Records for processing section start

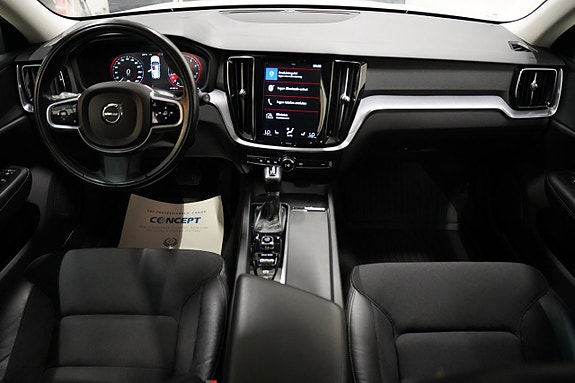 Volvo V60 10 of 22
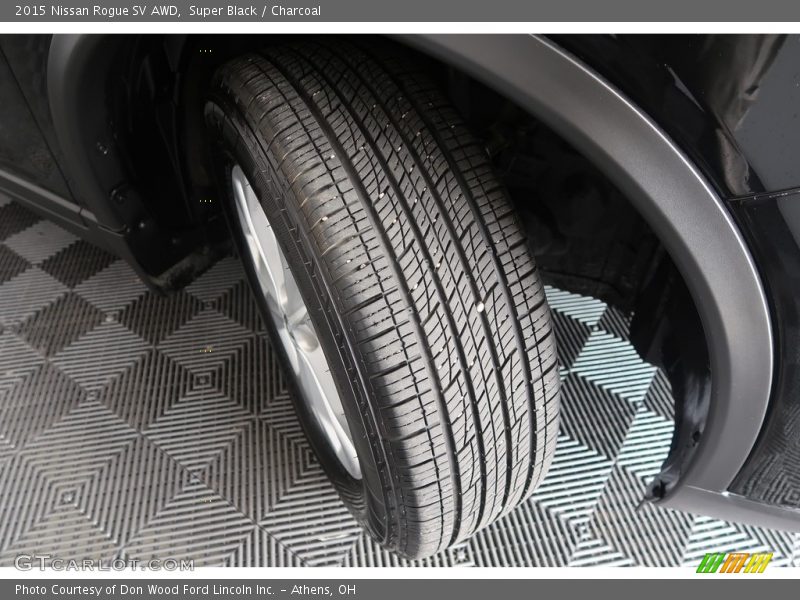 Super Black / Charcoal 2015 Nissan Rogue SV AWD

Records for processing section end
Records for processing section start

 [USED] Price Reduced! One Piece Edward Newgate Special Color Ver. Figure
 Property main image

Records for processing section end
Records for processing section start

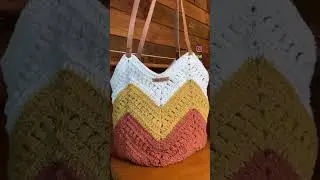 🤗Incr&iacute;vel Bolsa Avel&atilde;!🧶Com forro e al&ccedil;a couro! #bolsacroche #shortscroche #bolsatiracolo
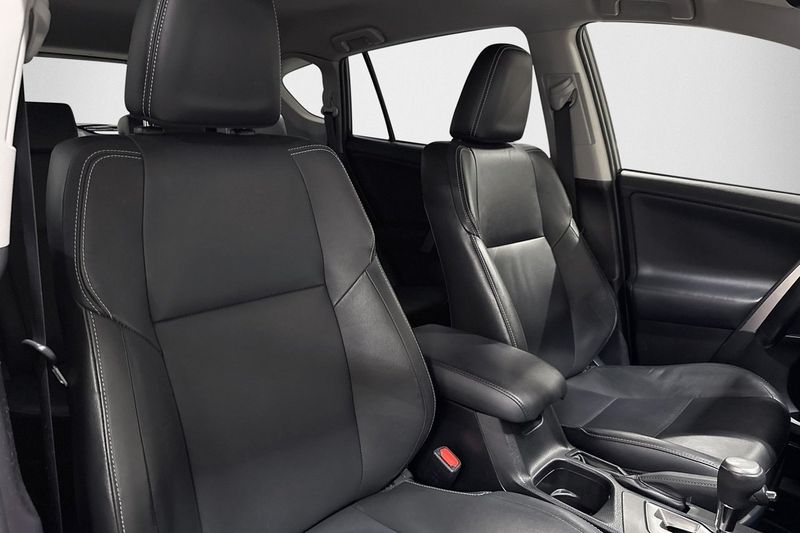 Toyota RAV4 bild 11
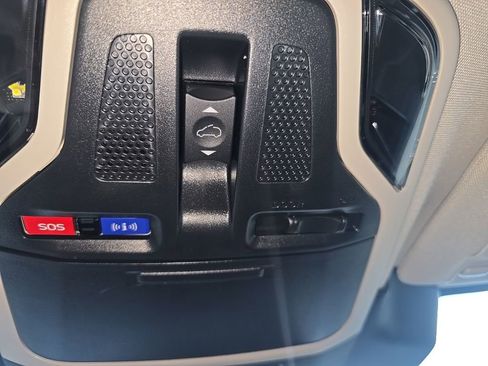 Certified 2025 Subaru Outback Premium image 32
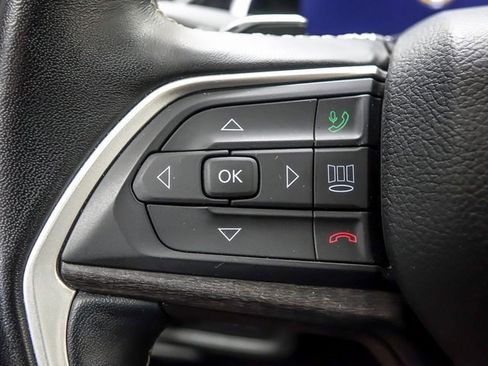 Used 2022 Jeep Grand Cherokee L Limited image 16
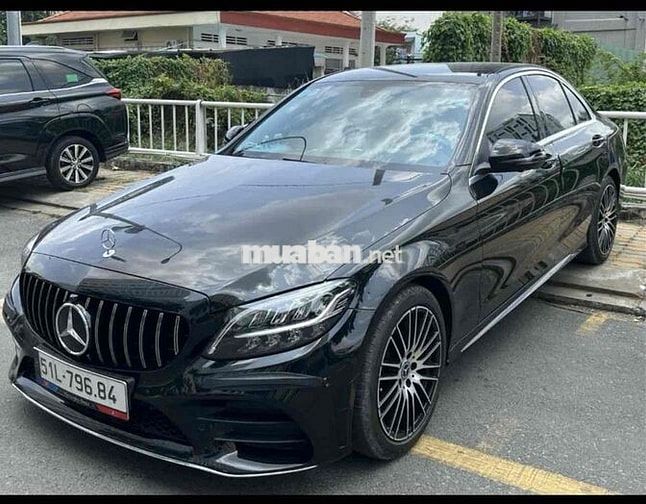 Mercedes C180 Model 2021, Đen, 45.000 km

Records for processing section end

Your task:
Reproduce the listing above from the line that holds "Volvo V60 10 of 22" through the line that holds "Super Black /", both included, with the pictures left out.

Solution to this exercise:
 Volvo V60 10 of 22
 Super Black / Charcoal 2015 Nissan Rogue SV AWD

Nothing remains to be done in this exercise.